Vent’anni dopo quella straordinaria stagione della propria giovinezza, Gianfranco De Bosio si ispirò al suo vecchio comandante per la sua opera prima cinematografica “Il Terrorista”, un film forte, rigoroso e antiretorico che alla XXIV Mostra internazionale di arte cinematografica di Venezia nel 1963 vinse il premio della critica. Scritto e sceneggiato insieme a Luigi Squarzina e prodotto da Ermanno Olmi, il film aveva per protagonista Gian Maria Volontè, intenso interprete di “Renato”. Come ambientazione De Bosio preferì la Venezia minore, con il suo labirinto di calli e la sua plumbea luce invernale, ideale per drammatizzare le azioni di patrioti solitari o in piccoli gruppi.
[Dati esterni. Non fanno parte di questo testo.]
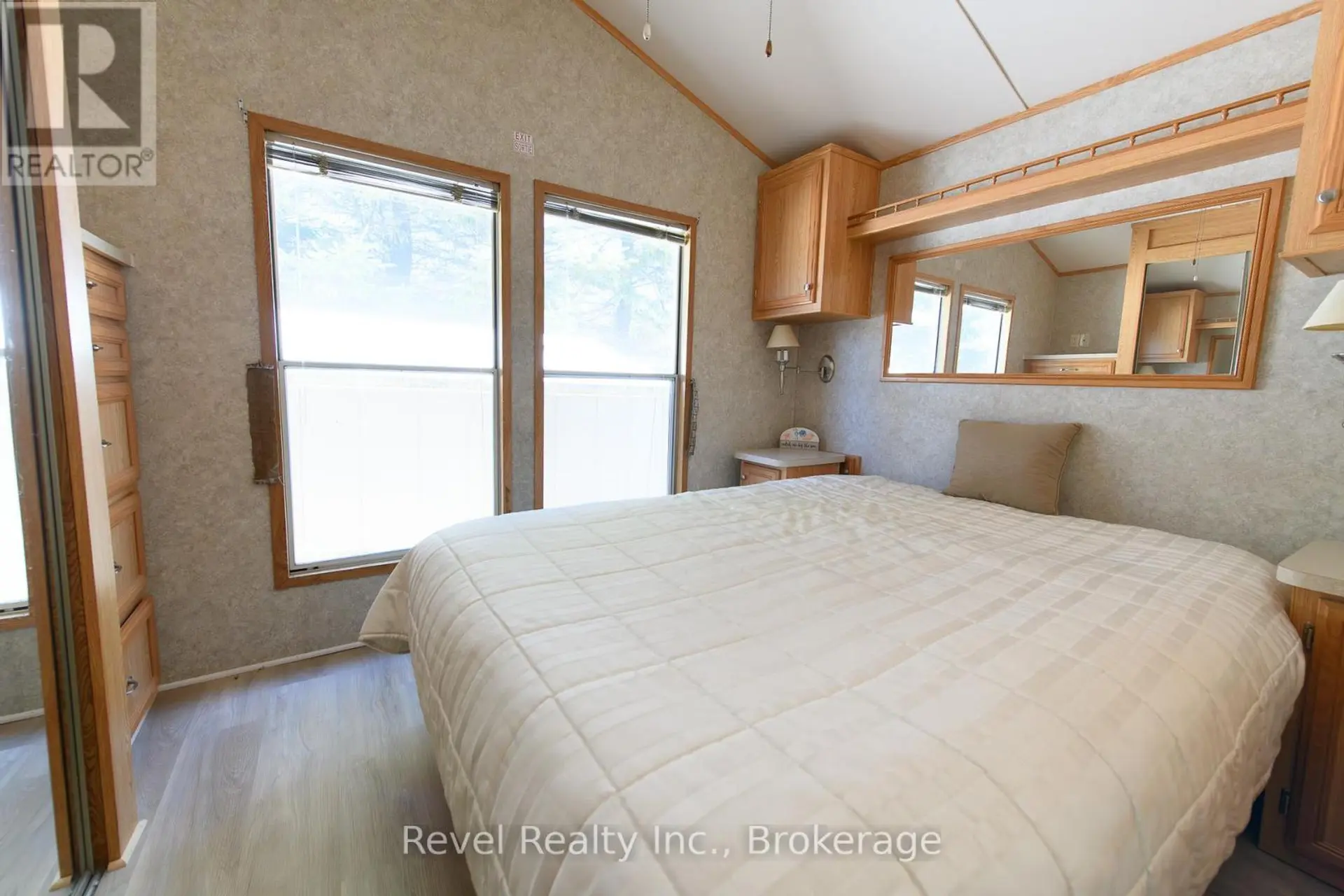 30 HURON CIRCLE - Image 13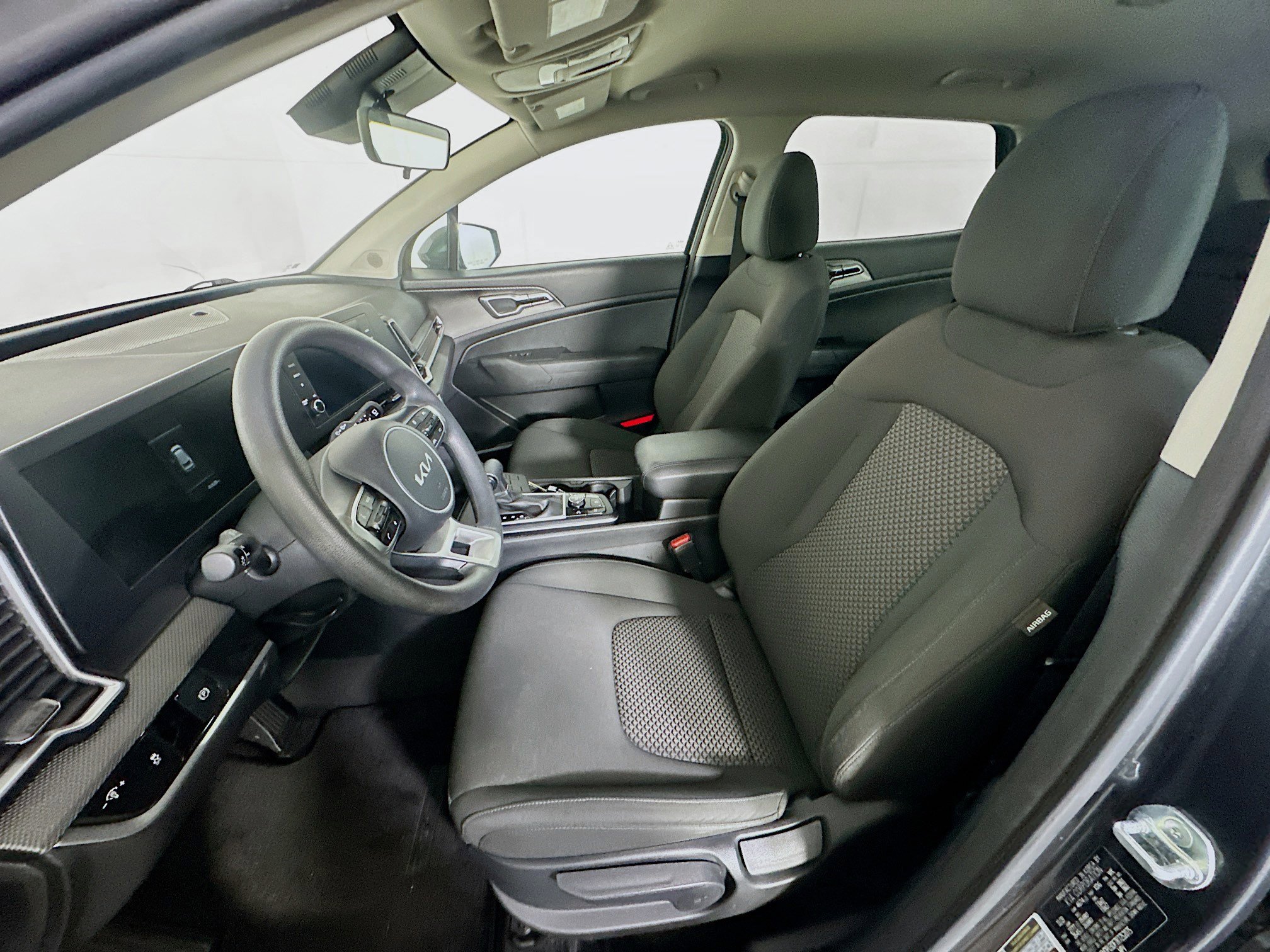 Used 2024 Kia Sportage LX image 13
Distantissimo da una visione oleografica della Resistenza, De Bosio mise a nudo magistralmente i conflitti di coscienza dei protagonisti e le discussioni nel C.L.N. sui metodi di lotta urbana messi in atto con determinazione da “Renato”, che i nemici accusavano di terrorismo. Pose in luce anche i contrasti sul comportamento da adottare in caso di rappresaglie contro la popolazione, confrontando la fermezza del Partito d’Azione nel combattere senza tregua tedeschi e fascisti che saccheggiavano e devastavano l’Italia col tatticismo del Partito Comunista e coll’attendismo di quello Democristiano, che s’illudeva sul rapido arrivo dell’esercito angloamericano liberatore.

L’interrogativo che “Renato” si pone nel finale del film è se “dopo che tutto questo sarà finito… ci sarà di nuovo un periodo in cui la gente si lascerà addormentare, anestetizzare da un po’ di pace e di abbondanza… e magari si sarà pronti a lasciar perdere tutto un’altra volta, la libertà un’altra volta”.